Carregando...

A Ordem dos Advogados do Brasil OAB-ES obteve uma histórica e importante decisão em defesa das prerrogativas da advocacia na tarde de quarta-feira (18/03), após atuação direta da presidente Erica Neves e do diretor de Prerrogativas, Rivelino Amaral. O Tribunal de Justiça do Estado reconheceu a ilegalidade da custódia de um advogado em unidade prisional comum e determinou sua transferência para o Quartel do Comando-Geral da Polícia Militar, diante da inexistência de sala de Estado-Maior no sistema prisional capixaba.

A medida foi concedida em habeas corpus impetrado pela OAB-ES, que apontou a ausência de estrutura adequada para o cumprimento da prisão de advogados no Estado, sem condenação definitiva e em condições incompatíveis com as garantias legais da profissão. Durante a sustentação oral, a presidente Erica Neves defendeu que a inexistência de sala de Estado-Maior no Espírito Santo não pode servir de justificativa para o descumprimento das prerrogativas da advocacia.

“O artigo 7º da Lei nº 8.906/94, o Estatuto da Advocacia, é claro ao garantir que o advogado não deve ser recolhido preso antes do trânsito em julgado senão em sala de Estado-Maior, com instalações condignas, e, na sua ausência, em prisão domiciliar. Essa previsão deve ser observada em conjunto com o artigo 6º, que estabelece a inexistência de hierarquia entre advogados, magistrados e membros do Ministério Público, e com o artigo 133 da Constituição Federal, que reconhece o advogado como indispensável à administração da Justiça. A realidade enfrentada hoje pelos advogados no Espírito Santo, submetidos a celas comuns, viola frontalmente a legislação federal. Confiamos que este Tribunal restabeleça o respeito e a dignidade assegurados pela lei”, afirmou.

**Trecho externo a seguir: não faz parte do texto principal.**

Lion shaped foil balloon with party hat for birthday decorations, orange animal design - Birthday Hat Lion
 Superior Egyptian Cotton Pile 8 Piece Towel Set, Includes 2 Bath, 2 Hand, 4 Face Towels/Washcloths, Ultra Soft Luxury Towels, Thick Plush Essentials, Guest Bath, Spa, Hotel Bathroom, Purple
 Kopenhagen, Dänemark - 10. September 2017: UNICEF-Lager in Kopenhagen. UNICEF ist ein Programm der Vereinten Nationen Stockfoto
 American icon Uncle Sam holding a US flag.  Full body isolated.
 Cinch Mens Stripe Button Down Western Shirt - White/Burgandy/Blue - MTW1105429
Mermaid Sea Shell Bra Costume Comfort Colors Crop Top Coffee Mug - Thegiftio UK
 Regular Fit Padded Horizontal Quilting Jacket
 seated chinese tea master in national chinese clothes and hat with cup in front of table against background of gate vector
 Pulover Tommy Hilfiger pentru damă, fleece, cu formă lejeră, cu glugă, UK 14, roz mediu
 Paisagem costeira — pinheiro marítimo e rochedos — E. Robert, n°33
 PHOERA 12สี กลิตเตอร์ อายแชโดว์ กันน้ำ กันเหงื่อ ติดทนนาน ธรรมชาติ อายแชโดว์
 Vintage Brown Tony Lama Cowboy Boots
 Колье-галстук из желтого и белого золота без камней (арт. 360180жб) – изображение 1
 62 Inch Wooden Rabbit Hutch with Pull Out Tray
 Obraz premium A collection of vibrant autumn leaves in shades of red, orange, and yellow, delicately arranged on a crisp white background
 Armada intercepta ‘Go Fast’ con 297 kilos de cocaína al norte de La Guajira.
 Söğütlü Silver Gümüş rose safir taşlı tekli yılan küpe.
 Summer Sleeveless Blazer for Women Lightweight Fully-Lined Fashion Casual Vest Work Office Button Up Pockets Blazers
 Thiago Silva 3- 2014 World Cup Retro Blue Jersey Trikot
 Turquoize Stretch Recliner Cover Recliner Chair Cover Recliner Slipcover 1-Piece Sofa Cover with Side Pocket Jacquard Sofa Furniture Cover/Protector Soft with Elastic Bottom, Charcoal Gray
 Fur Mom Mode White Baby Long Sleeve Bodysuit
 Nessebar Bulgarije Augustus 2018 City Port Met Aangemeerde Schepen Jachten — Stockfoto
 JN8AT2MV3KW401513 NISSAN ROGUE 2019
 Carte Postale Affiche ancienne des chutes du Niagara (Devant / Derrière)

Ao acolher os argumentos, o Tribunal de Justiça reconheceu a ilegalidade da situação e determinou a transferência do advogado para uma unidade compatível, indicando o Quartel da PM como a alternativa mais adequada disponível no Estado. A decisão reforça o entendimento de que as prerrogativas profissionais não constituem privilégios, mas garantias essenciais ao exercício da advocacia e à preservação do Estado Democrático de Direito.

Rivelino Amaral destacou em sua sustentação que a entidade realizou diligências e constatou, por meio de verificação técnica, que a unidade prisional não oferece condições compatíveis com as garantias legais da advocacia. “Respeitar as prerrogativas do advogado é respeitar a própria sociedade e o ordenamento jurídico, sobretudo quando se trata de um profissional que ainda responde a uma ação penal e pode ser absolvido. No habeas corpus, reunimos diversas decisões e precedentes que reforçam esse entendimento e evidenciam a ilegalidade da custódia em condições inadequadas”, afirmou o advogado.

Estavam presentes na sustentação o presidente da Comissão de Prerrogativas e Valorização da Advocacia da Ordem, Glauco Reis, integrantes da Comissão e ainda representantes da Associação Brasileira dos Advogados Criminalistas (Abracrim).